Bird Health Awareness Week
Above: Raptors that eat waterfowl, such as Peregrine Falcons, are susceptible to HPAI. Photo Credit: Bill Harris
It’s Bird Health Awareness Week! Did you know that highly pathogenic avian influenza (HPAI) is deadly to raptors and domestic poultry? You can help prevent the spread with a few simple measures:
- Report sick, dying, or groups of dead birds to your local wildlife agency.
- Don’t touch or allow your pets to come into contact with suspected infected birds.
- If you have backyard chickens, ducks, or turkeys, protect them from transmission by limiting visitors, washing your hands before and after contact with them, and by limiting attracting wild birds to your coop (e.g., clean up food spills).
- Infections in songbirds are very minimal, less the 2% of all cases. Since there is currently low risk of an outbreak among wild songbirds, there is no official recommendation to take down feeders unless you also keep domestic poultry, according to the National Wildlife Disease Program. However you should always keep your feeders and baths clean to reduce the likelihood of any illness spreading.
What are we doing at TRC to prepare for HPAI cases?
Last year, the Community Foundation of Jackson Hole provided a micro-grant to TRC to bolster our PPE and biosecurity with the arrival of HPAI in Teton County. Despite our best efforts, this deadly disease made its way into our facilities. To decrease the possibility of this happening again, and with additional support from the Community Foundation of Jackson Hole, we are converting one of the outdoor enclosures into a semi-permanent quarantine zone. By doing so, we can continue to admit injured, ill, and orphaned birds, while also protecting the rest of the birds. One of the current raptor enclosures is nearby but separate from the main Clinic building, with its own entrance, making it an excellent choice for a quarantine zone.
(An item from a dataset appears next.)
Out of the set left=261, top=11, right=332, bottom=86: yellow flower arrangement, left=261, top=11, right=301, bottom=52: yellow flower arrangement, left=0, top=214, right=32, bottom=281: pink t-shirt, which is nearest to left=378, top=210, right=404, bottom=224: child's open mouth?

With this recent grant support, we will convert the enclosure into an ideal quarantine zone by covering the sand floor with a plastic membrane followed by a plywood floor and an easy-to-clean linoleum surface. We will also cover the exterior slats of the enclosure with a sheet of plexiglass to keep the space warmer but allow light in. We will then convert the vestibule to a mini-clinic stocked with medical and husbandry supplies as well as PPE for our staff and volunteers. By taking these measures, we can efficiently quarantine and care for new rehab patients while awaiting their HPAI test results and at the same time, protect all the other birds we care for at Teton Raptor Center.
Thank you to the Community Foundation of Jackson Hole!